Under the rules governing public benefit NPOs, “charitable” purposes is broadly defined, and includes relief of the poor, the distressed, or the underprivileged; advancement of religion; advancement of education or science; erecting or maintaining public buildings, monuments, or works; lessening the burdens of government; lessening neighborhood tensions; eliminating prejudice and discrimination; defending human and civil rights secured by law; and combating community deterioration and juvenile delinquency. These NPOs are typically referred to as “charitable organizations,” and eligible to receive tax-deductible contributions from donors.
To be organized for a charitable purpose and qualify for tax exemption, the NPO must be a corporation, association, community chest, fund or foundation; individuals do not qualify. The NPO’s organizing documents must restrict the organization’s purposes exclusively to exempt purposes. A charitable organization must not be organized or operated for the benefit of any private interests, and absolutely no part of the net earnings may inure to the benefit of any private shareholder or individual.
Additionally, the NPO may not attempt to influence legislation as a substantial part of its activities, and it may not participate in any campaign activity for or against political candidates.
All assets of a public benefit non-profit organization must be permanently and irrevocably dedicated to an exempt purpose. If the charitable organization dissolves, its assets must be distributed for an exempt purpose, to the federal, state or local government, or another charitable organization. To establish that the NPO’s assets will be permanently dedicated to an exempt purpose, the organizing documents should contain a provision ensuring their distribution for an exempt purpose in the event of dissolution. If a specific organization is designated to receive the NPO’s assets upon dissolution, the organizing document must state that the named organization must be a section 501(c)(3) organization at the time the assets are distributed.

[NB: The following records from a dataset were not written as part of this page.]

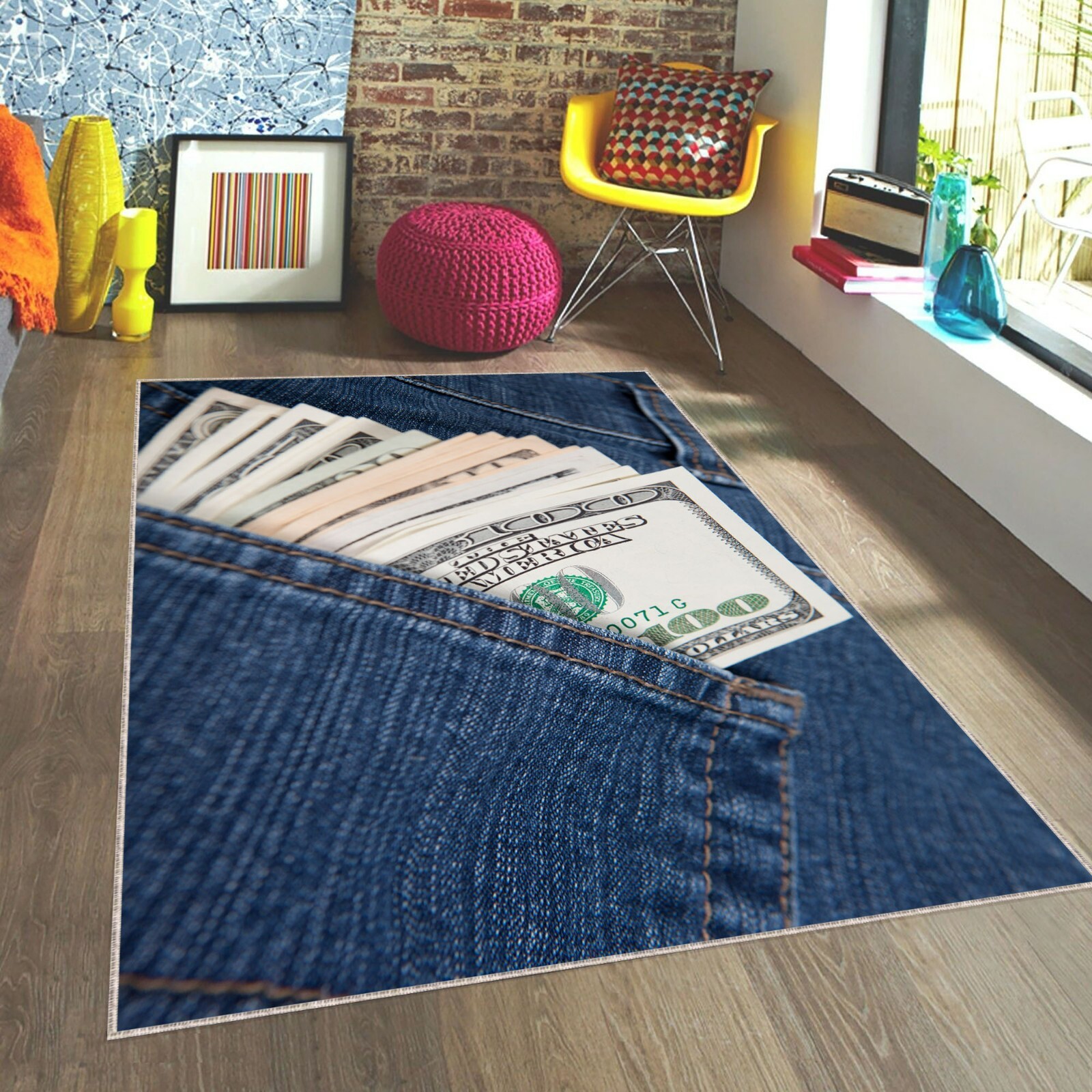 Money Pocket Rug, 3D Dollar Bill Design, Denim Jeans Carpet, Unique, 100 Usd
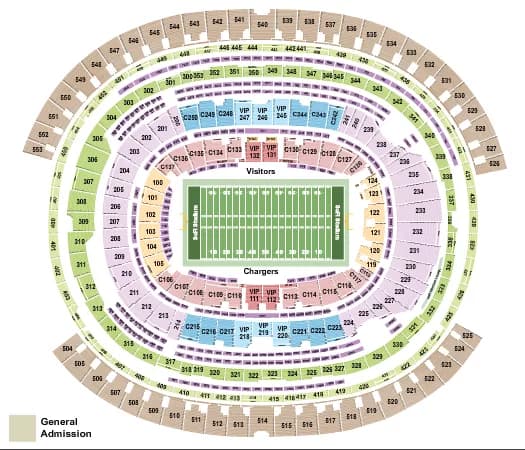 FOOTBALL ROWS CHARGERS Seating Map Seating Chart
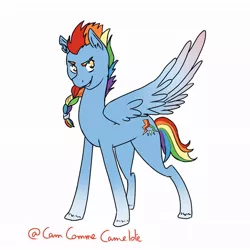 Size: 1024x1024 | Tagged: safe, artist:camcommecamelote, derpibooru import, rainbow dash, pegasus, pony, leak, spoiler:g5, braid, g5, rainbow dash (g5), redesign, short hair, simple background, solo, white background, wings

If a charitable organization engages in an excess benefit transaction with someone who has substantial influence over the NPO, an excise tax may be imposed on the person and any NPO managers who agreed to the transaction. An excess benefit transaction occurs when an economic benefit is provided by the NPO to a disqualified person, and the value of that benefit is greater than the consideration received by the NPO.
To apply for tax exemption under section 501(c)(3), the NPO must file Form 1023 with the IRS, along with supporting documentation, including organizational documents, details regarding proposed activities and who will carry them out, how funds will be raised, who will receive compensation from the NPO, and financial projections. If approved, the IRS will issue a Letter of Determination. Public charities must also apply for exemption from state taxing authorities, a process which varies from state to state.